Regular readers of Str8 Up With A Twist know that I run. I run so that I can eat. I run to keep the weight off. I run in the hope that maybe I won't come down with diabetes. I run to keep my sanity. I run for the eye candy.
If I had only known that I could have been a piece of art (instead of a piece of meat), I might have considered traveling across the pond to be a part of Martin Creed's Work No. 850. I realize that I would not be immortalized like Michelangelo's Daivd. However, it would have been cool to say I was a part of a piece of art. I know. I can always pose naked in a Spencer Tunick photo; not sure that the world is ready for that.
Anywho, I enjoyed reading the following article
Sprinters dash across Tate Britain
By FARAH NAYERI
Bloomberg
Martin Creed, the artist who won the 2001 Turner Prize with lights going on and off, presented his latest work on Monday: a runner sprinting every 30 seconds through Tate Britain's Duveen sculpture gallery in London.
For his Work No. 850, Creed, 39, advertised in running magazines to recruit semi-professionals age 18 or older. Employed by Tate, they are paid 10 pounds ($19.95) an hour to make 15 runs per half-hour shift.
"Running is good to look at," said the artist, dressed in a navy summer suit, as sprinters in shorts whizzed by, one by one, through the columned corridor. Creed himself made a couple of dashes in his suit. "It makes me happy to watch people run."
"We've done a lot of these over the years, but nothing quite like this," Tate Britain Director Stephen Deuchar said of the Creed project.
The Tate had "a history of taking on quite a few difficult commissions," he said, citing Doris Salcedo's recent concrete crack at Tate Modern (Shibboleth), and Carsten Hoeller's slides (Test Site).
"There is something inherently absurd in the idea of a runner passing every 30 seconds for four and a half months," Deuchar said.
Still, he said, Creed's was an "extraordinary piece" that should be taken as "a kind of metaphor for life being the opposite of stillness and death."
Tate Britain's Duveen Galleries Commission, for which Creed made the piece, is now an annual event, thanks to Sotheby's sponsorship.
Puma AG provided the sports clothes and shoes worn by the runners, which they were allowed to choose.

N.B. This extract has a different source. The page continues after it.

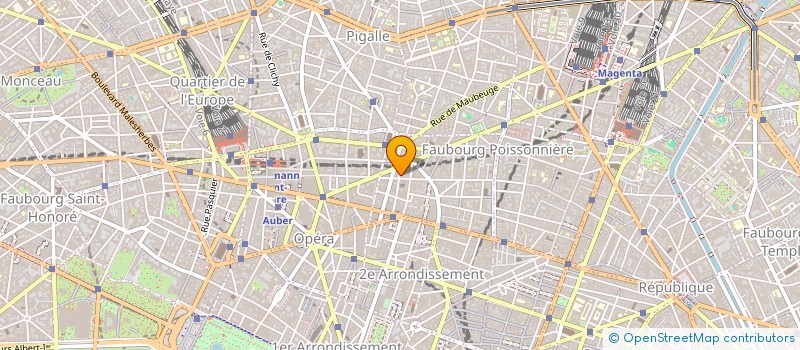 localisation de l'entreprise VINCENT GUERRE SARL  PARIS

A pool of 50 people will make the 30-second race from 10 a.m. to 6 p.m. daily in a complex logistical operation.
Explaining his work to a huddle of reporters, Creed said the sprinters will "slow down if there's some obstruction," and "weave around people" during visiting hours.
Visitors are not allowed to run with them.
The exhibition runs from July 1 through Nov. 16. For more information, click here.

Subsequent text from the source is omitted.